Statistics and measurements play a pretty central role in the shaping or forming of ministry culture.  Most of us recognize this as it relates to the reinforcement of priorities, values, objectives, or the ultimate vision.  But there’s another way statistics and measurements influence culture and that is through storytelling.

Storytelling takes many forms within organizations.  Frequently it’s through short narratives or anecdotes. Those are explicit examples and easiest to identify as stories, representative narratives embodying success or our vision of what we are about.  But stats tell stories too.

One of the most important things we can remember when leading organizationally is that statistics reflect underlying narratives.  And a rule of narratives is that what stories we tell or don’t tell will dictate explicitly or wield subtle power over the culture of the community moving forward.

This is where I really like the work of Walter Brueggemann, who demonstrates powerfully in his writing the relationship between power and storytelling.  If we only allow positive stats or stats that help us feel good, then we are shaping a culture that will increasingly grow uncomfortable in assessing the status quo and current reality.

But there’s other ways too – when stats are only used in storytelling to motivate people to accomplish what is not going well, the use of statistics will increasingly shape a culture of performance, guilt, shame, or uncomfortable goal orientedness at the expense of meaning.

Statistics, as we use them to tell the story of where we are and where we are going, have the power to define our perception of our current reality as well as our perception of where we need to go.  Sometimes it’s what stats we choose.  Sometimes it’s how we interpret them.  Sometimes it’s how we communicate them.
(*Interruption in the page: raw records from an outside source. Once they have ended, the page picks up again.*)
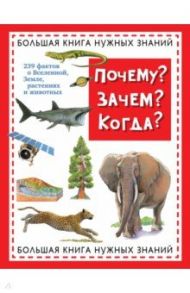 Почему? Зачем? Когда? Большая книга нужных знаний / Хинн О. Г.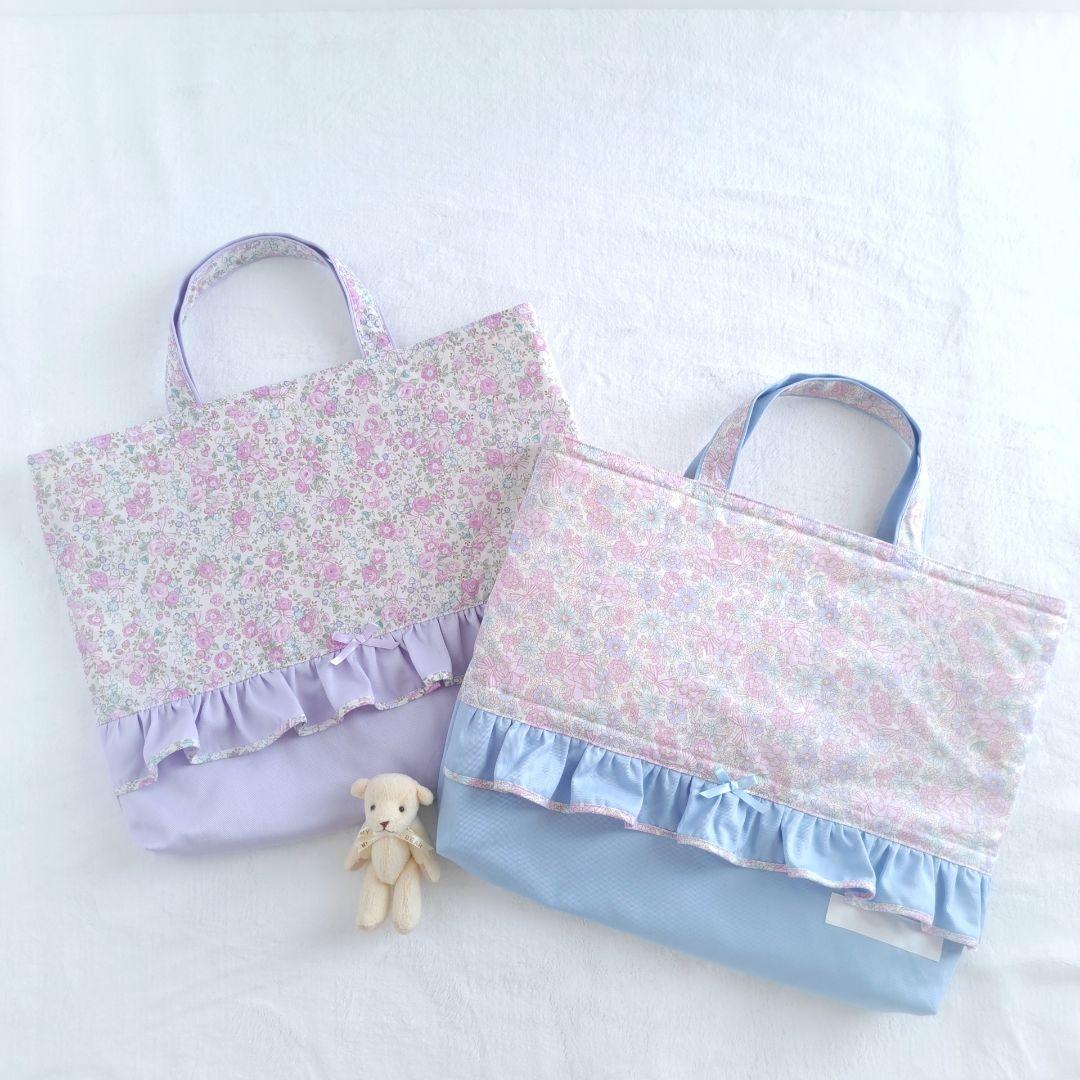 hana ハンドメイド オーダー 入園入学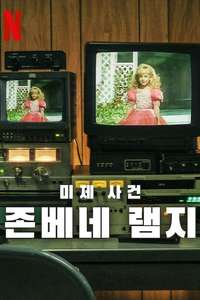 Cold Case: Who Killed JonBenét Ramsey - Posters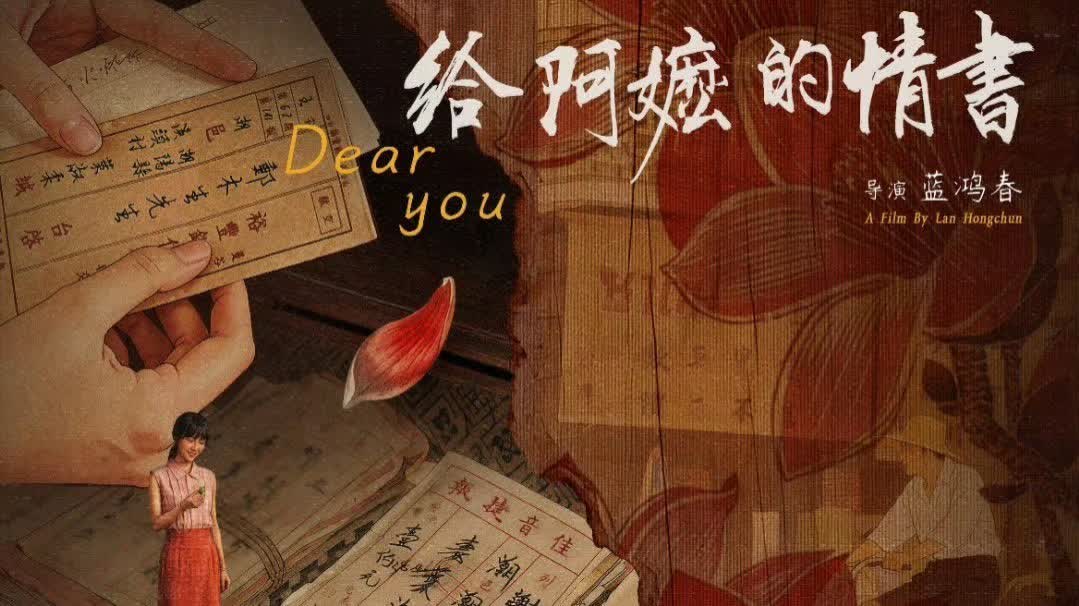Opinion | Beyond the box office: How diaspora heritage is rewriting China's global narrative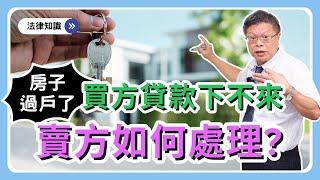 【不動產系列ep.36】賣房竟然遇到買主是詐欺犯！？房子要不回，錢也分不到！加上打房政策下，很多人買房貸不到，賣方已把房子過戶時，可以如何處理呢？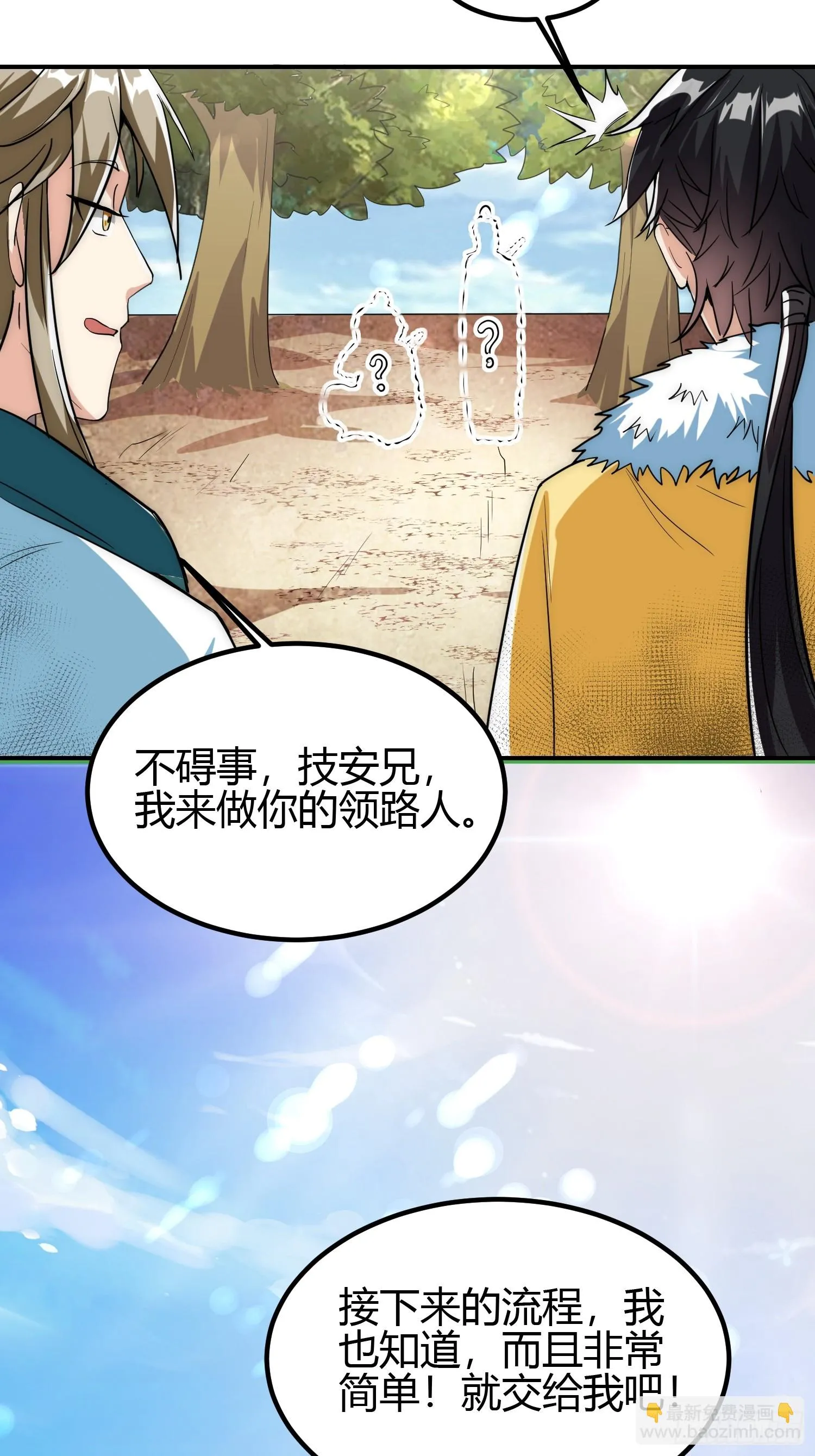 011 我一定要拜入剑宗！34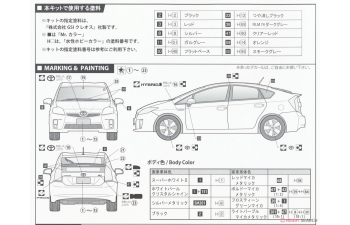 Сборная модель Toyota Prius (ZVW30) G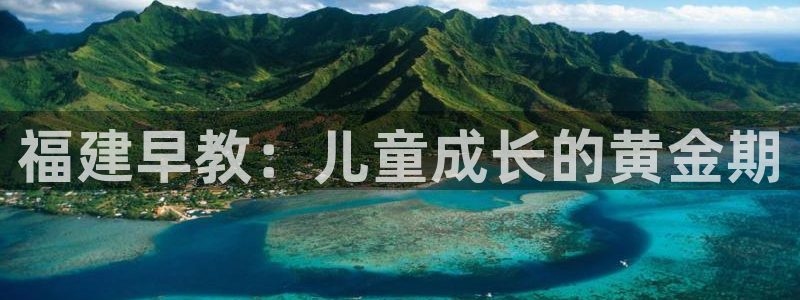 广州天顺娱乐：福建早教：儿童成长的黄金期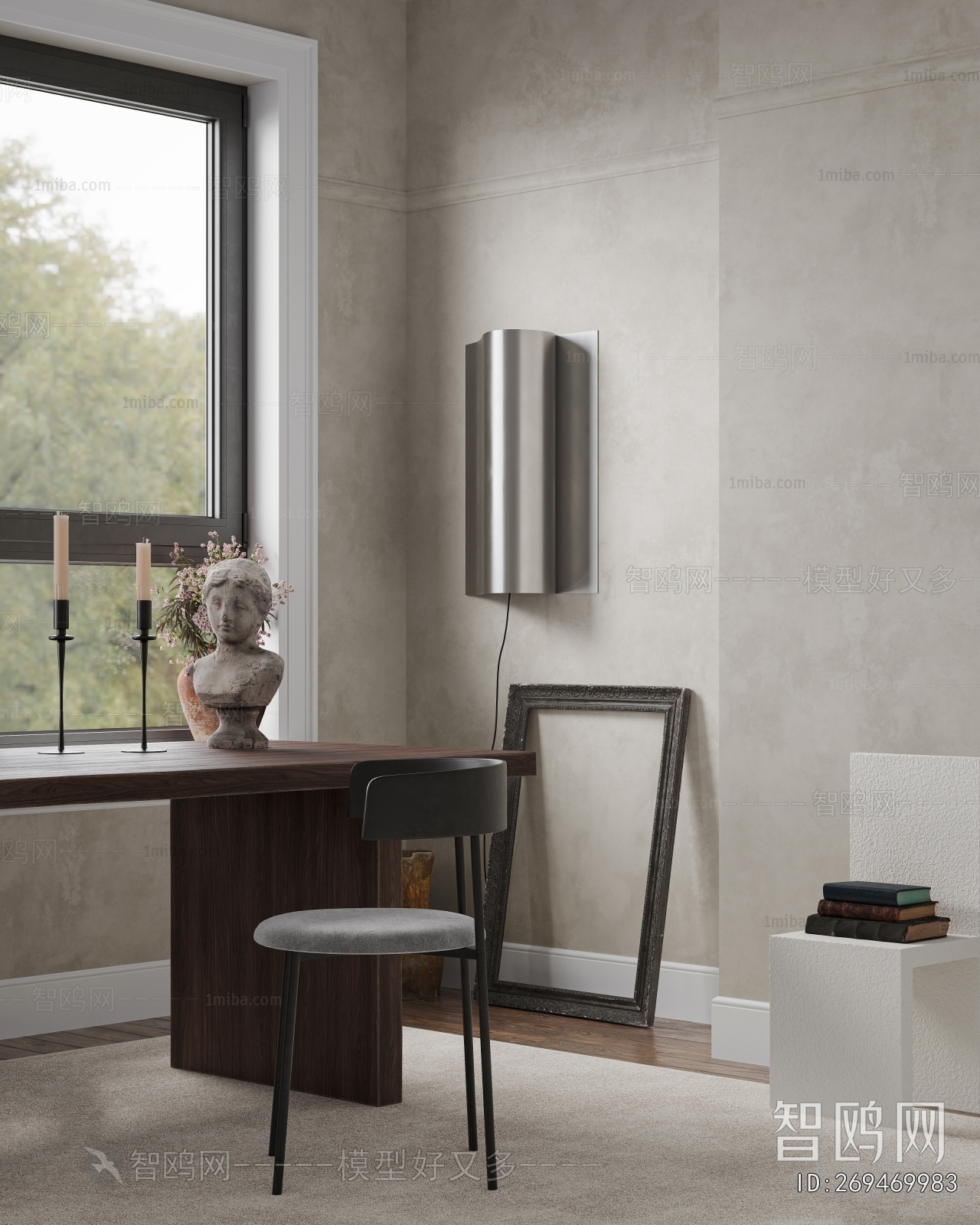 Modern Computer Desk And Chair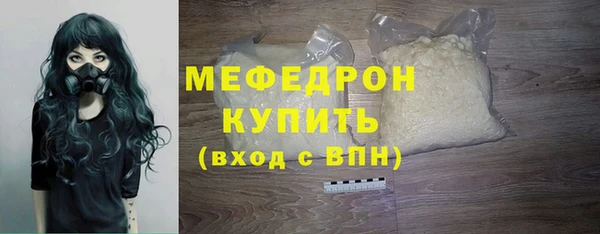 меф Каменск-Шахтинский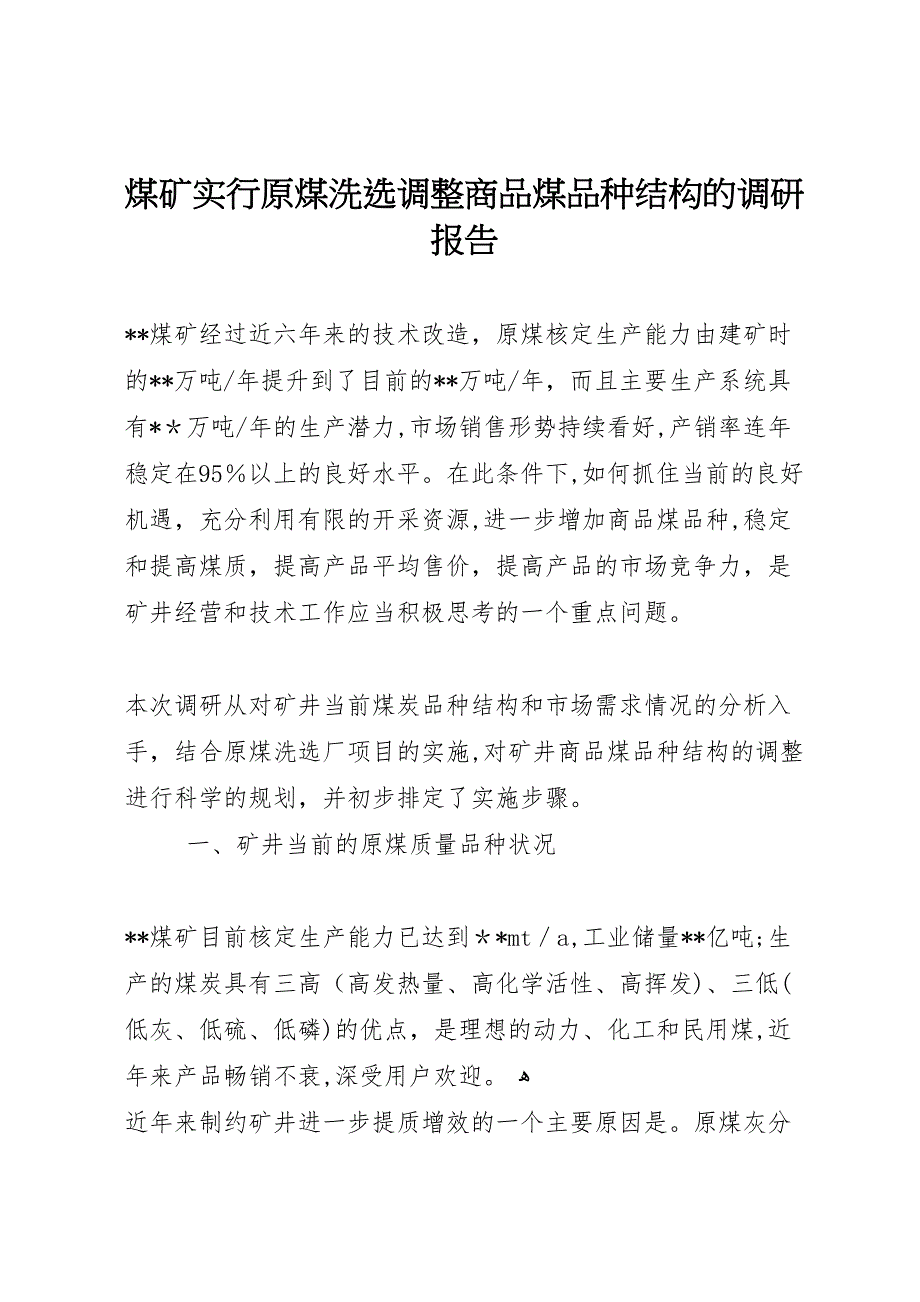 煤矿实行原煤洗选调整商品煤品种结构的调研报告_第1页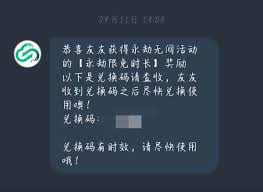 火山極速版怎么參與評論區(qū)抽獎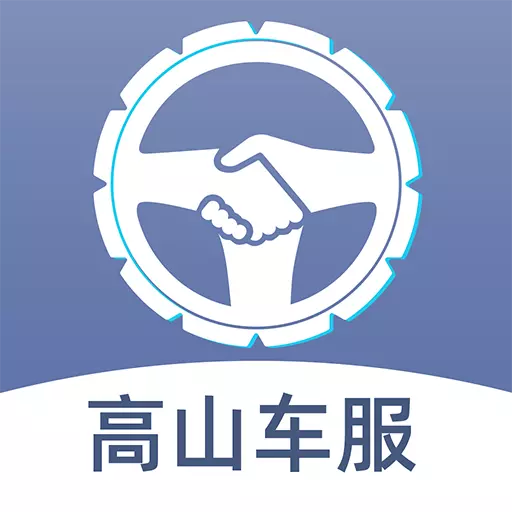 高山车服 v3.0.12-高山车服是司机的行车保护神 高山车服 v3.0.12-高山车服是司机的行车保护神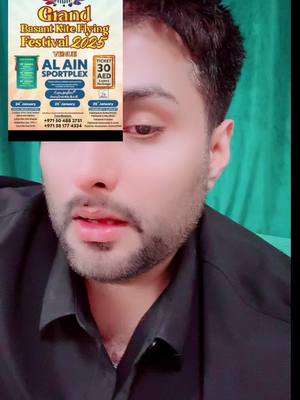 A post by @ahmedsunny9000 on TikTok caption: Basant. ##ahmedsunny9000 ##ahmedsunny90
There’s a stewardship of statistics that needs to be examined because they impact what we as people believe about ourselves as well.  In the numerical as well as conventional narratives shared, we can find ourselves internalize messages about our worth, our significance, our purpose.  Now while we know we should let those things be defined by stats or what we do – that’s what power does to people.  It wields a psychological influence that seeks to mold people to its version of “truth.”  We are all vulnerable to being influenced by organizational narratives, intended or otherwise, about what is of utmost value to the organization.

So the way we use statistics shapes organizational culture in more ways than just reinforcing organizational priorities.  We can create at least three kinds of dysfunctional cultures through our statistical storytelling. We can create…

  1. “Doing” cultures in which workaholism and performance is lifted up and rewarded
  2. “Anxious” cultures in which no goal is big enough and to rest or be content with where we are in time is viewed as unspiritual
  3. “Lazy” cultures in which our fear of accomplishment, measurements,  and the stewardship of power leads us to avoid leading to hard places.

Statistics are storytelling and they need to be stewarded so that we can assess our own leadership and motivate others in human and ethical ways. Statistics do not just keep us “on track” but over time they wield an an existential impact on what people begin to identify as valuable and meaningful in both the organization and also life as a whole.

What kind of an impact do stats have on you? Do you find yourself slowly becoming defined by them?

How is your use of stats and measurements influencing the culture that you are seeking to shape?  Are they bearing fruit in keeping with both your objectives AS WELL AS your values?